In [10]:
from banker import BankerBase, run
from sklearn.ensemble import RandomForestClassifier
import pandas
import random
from sklearn.model_selection import cross_val_score
import numpy as np
import jdc

# Nicolabk_Kaiie_Banker Class

In [11]:
class Nicolabk_Kaiie_Banker(BankerBase):
    def __init__(self, interest_rate=0.005, epsilon=None):
        self.interest_rate = interest_rate
        if epsilon:
            self.epsilon = epsilon/20
        else:
            self.epsilon = epsilon

Class takes in optional `interest_rate` which can be redefined in `set_interest_rate()` and `epsilon` which if defined makes new predictions differentially private. We divide epsilon by 20 to account for the fact that we have 20 categories in the data set.

In [13]:
%%add_to Nicolabk_Kaiie_Banker
def set_interest_rate(self, interest_rate):
    self.interest_rate = interest_rate

Allows redefinition of the `interest_rate`.

In [14]:
%%add_to Nicolabk_Kaiie_Banker
def fit(self, X, y):
    n_estimators = range(50, 125, 25)
    clfs = [RandomForestClassifier(n_estimators=n) for n in n_estimators]
    scores = [np.mean(cross_val_score(clf, X, y, cv=10, scoring=self.utility_scoring, n_jobs=-1)) for clf in clfs]
    best_n = n_estimators[np.argmax(np.array(scores))]
    self.classifier = RandomForestClassifier(n_estimators=best_n, n_jobs=-1)
    if self.epsilon:
        self.sensitivity = {}
        for column in X.columns[X.dtypes == 'int64']:
            self.sensitivity[column] = X[column].max()-X[column].min()
    self.classifier.fit(X, y)

Calculates optimal `n_estimators` hyper-parameter for `RandomForestClassifier` using a 10-fold cross-validation. 
Also calculates the sensitivity of the numerical variables if `epsilon` is defined, and saves it in `self.sensitivity` for later use when predicting.

In [16]:
%%add_to Nicolabk_Kaiie_Banker
def expected_utility(self, X):
    pr_1, pr_2 = self.predict_proba(X).T
    U_1 = X['amount']*( (1+self.interest_rate)**X['duration'] - 1)
    U_2 = -X['amount']
    return pr_1*U_1 + pr_2*U_2

Calculates the expected utility (money earned) given `X`.

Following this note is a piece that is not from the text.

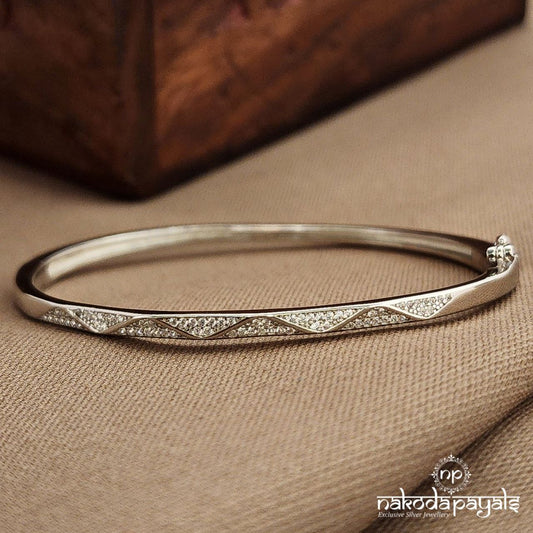 Wavy CZ  Kada (St3779)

Calls `predict_proba()` to calculate our predicted probabilities of the getting repaid or defaulted, then uses these values to calculate the expected money earned.

In [17]:
%%add_to Nicolabk_Kaiie_Banker
def predict_proba(self, X):
    if isinstance(X, pandas.core.series.Series):
        X_copy = X.copy().to_frame().transpose()
    else:
        X_copy = X.copy()

    if self.epsilon:
        X_copy = self._privacy(X_copy)
    return self.classifier.predict_proba(X_copy)

Returns 2 values, the probability of the loan being repaid, and the probability of it getting defaulted.

Converts `X` to a `pandas.DataFrame` if it is a `pandas.Series` to remain compatible with both Christos Dimitrakakis' and Dirk Hesse's code.
Calls `_privacy()` on `X` if epsilon is defined, then calls our classifier's (`RandomForestClassifier`) `predict_proba()`.

In [18]:
%%add_to Nicolabk_Kaiie_Banker
def get_best_action(self, X):
    if isinstance(X, pandas.core.series.Series):
        for exp_utility in self.expected_utility(X):
            if exp_utility > 0:
                return 1
            else:
                return 2
    else:
        actions = []
        for exp_utility in self.expected_utility(X):
            if exp_utility > 0:
                actions.append(1)
            else:
                actions.append(2)
    return pandas.Series(actions, index = X.index)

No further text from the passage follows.